Over the next six years, the state made more money on alcohol taxes than the Division of Behavioral Health spent from state coffers on drug and alcohol programs.

Treatment funding began to rebound by 2009, but the governor and health commissioner have resisted efforts to spend significantly more of the alcohol tax on treatment without evidence that existing programs are working.

"They're skeptical," Health Commissioner William Streur said of state legislators, who cut $2.6 million from his Division of Behavioral Health spending plan for 2014 and diverted another $6 million away from alcohol treatment. "We can't go around just saying, 'We're doing good, trust us."

'100-PROOF RESISTANCE'

A chain of tragedies in 2000 added urgency to the push for the biggest-ever increase in Alaska's alcohol tax.

A driver with a blood-alcohol level twice the legal limit ran down three state workers that spring on the Seward Highway, killing two. He later admitted to driving drunk dozens of times before the deadly accident.

That summer, a driver with seven prior DUI convictions killed a 20-year-old woman as she rode her bicycle on an Anchorage sidewalk. Two boys, ages 11 and 15, died on their way to a family fishing trip Whittier, killed by another drunken driver.

"There was just this huge outrage from the community," said former state Rep. Andrew Halcro, an Anchorage Republican who now heads the Anchorage Chamber of Commerce.

Mothers Against Drunk Driving and the state Health Department approached Murkowski about proposing the tax, recalled Halcro, who became a co-sponsor.

At the same time, the state was broke. Low oil prices were draining savings and there was talk of a sales or income tax. A billion dollar deficit loomed. "The (Health Department) budget, with regard to what alcohol was costing communities, was rising dramatically," Halcro said.

A change in the alcohol tax, at the time among the lowest in the nation, was overdue. The rates had remained flat since 1983, with any increase facing what Murkowski called "100-proof" resistance from the liquor industry. Pitching the tax increase to her colleagues, she said Alaska had the highest rate of alcohol-related deaths in the U.S. and the extra revenue could be used to dent the hundreds of millions of dollars a year that alcohol woes cost the state.

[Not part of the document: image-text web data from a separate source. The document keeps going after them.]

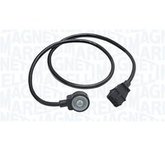 MAGNETI MARELLI Klopfsensor 064836019010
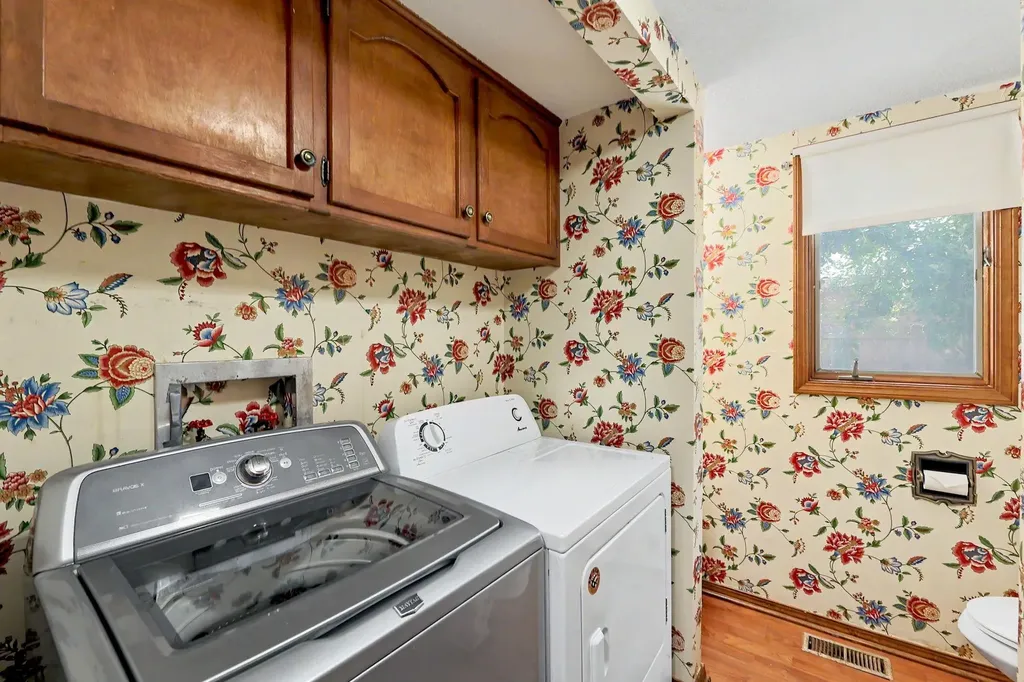 1400 S Todd Place Wichita KS 67207
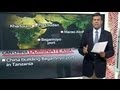 Does India have a plan to counter China? - YouTube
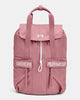 Under Armour - Favorite Backpack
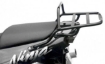 Afbeeldingen van Topdrager zwart Hepco&Becker Kawasaki ZX6-R '98-'01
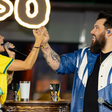 Sertanejo domina o TOP 10 do Spotify; veja faixas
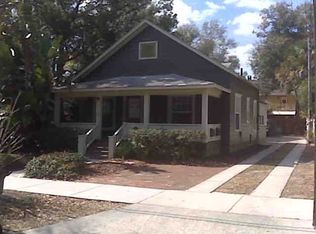 110 Hill Ave, Orlando, FL 32801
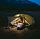 Палатка Naturehike Mongar UL Hiking 2 15D nylon Moon Rock/Grey - Фото 6 малая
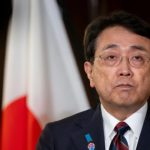 Japonya petrol rezervlerini yurt içinde kullanacağını duyurdu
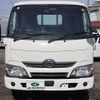 toyota dyna-truck 2019 GOO_NET_EXCHANGE_0207851A30240907W003 image 3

Armies lined up on both sides of the debate. Wearing "dime-a-drink" buttons, nurses, rehab providers and teacher parent-teacher associations supported the increase, saying it would pay for treatment and stop some kids from drinking. Hotel owners, bartenders and liquor store owners said it would kill sales and encourage people to steal.

Both sides talked about how people would drink less.

"Almost all the research shows the higher the price, the less people drink," said Matt Felix, who recently retired as director for the National Council on Alcoholism and Drug Dependence in Juneau and pushed for the higher taxes. "Even people who are addicted drink a little bit less, but especially the fixed income groups: Elderly and underage, teen drinkers."

Halcro, thinking of his own social drinking habits, said he wasn't so sure.

"I don't ask for the price when I go to the bar," he said. "If you order a beer you order a beer. It's not a price driven commodity."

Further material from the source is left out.